ACTIVITY:
Your copy should hold exactly the lines from the one containing "AT-A-GLANCE PLAN.WRITE.REMEMBER. 70620905" through the last line of the entries, and no pictures.

Image-caption web data:
----------

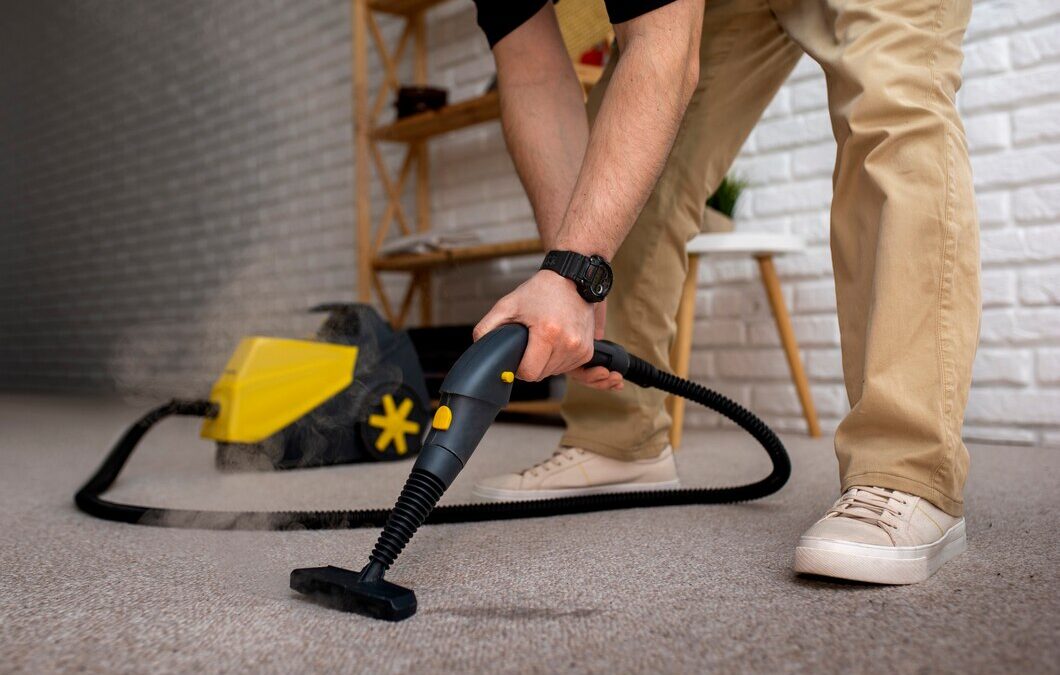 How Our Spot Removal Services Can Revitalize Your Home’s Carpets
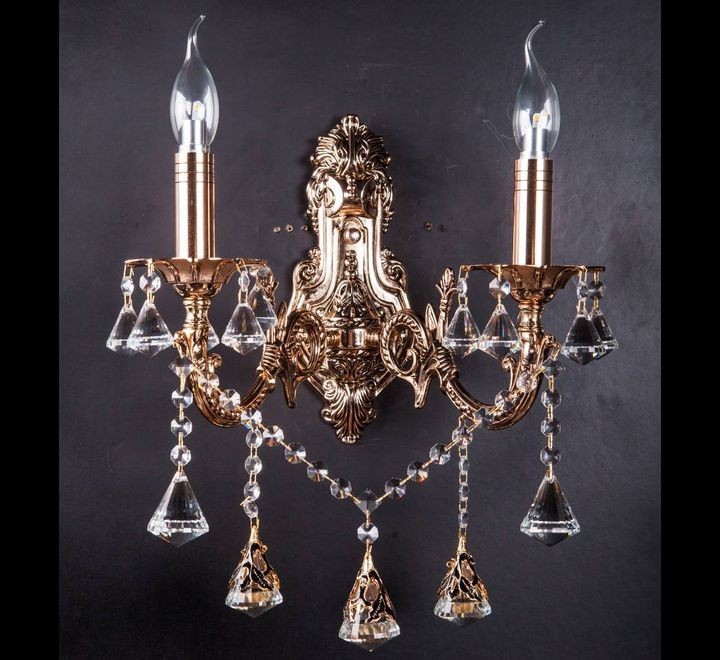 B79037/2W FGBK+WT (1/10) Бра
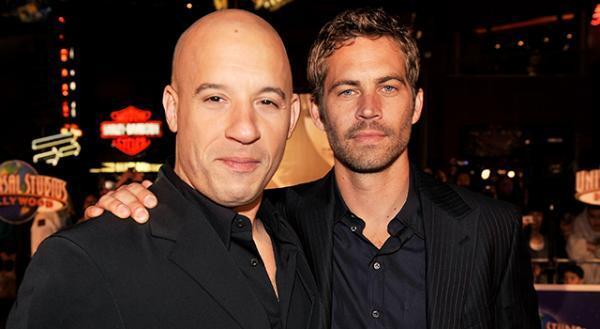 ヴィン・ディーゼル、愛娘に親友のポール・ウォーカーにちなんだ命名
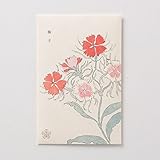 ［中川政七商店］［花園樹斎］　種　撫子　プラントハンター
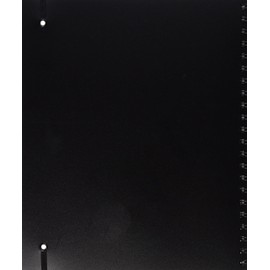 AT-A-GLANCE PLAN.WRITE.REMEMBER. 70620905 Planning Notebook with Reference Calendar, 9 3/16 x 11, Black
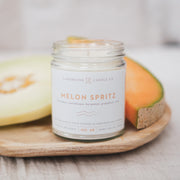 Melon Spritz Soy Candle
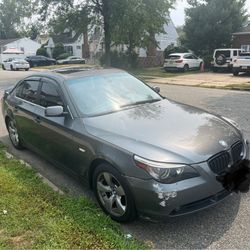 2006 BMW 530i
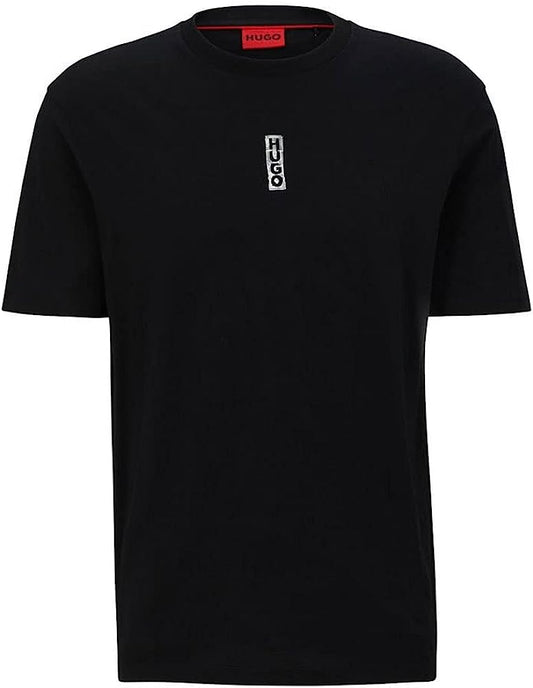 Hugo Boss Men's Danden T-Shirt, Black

----------

RESPONSE TO THIS EXERCISE:
 AT-A-GLANCE PLAN.WRITE.REMEMBER. 70620905 Planning Notebook with Reference Calendar, 9 3/16 x 11, Black
 Melon Spritz Soy Candle
 2006 BMW 530i
 Hugo Boss Men's Danden T-Shirt, Black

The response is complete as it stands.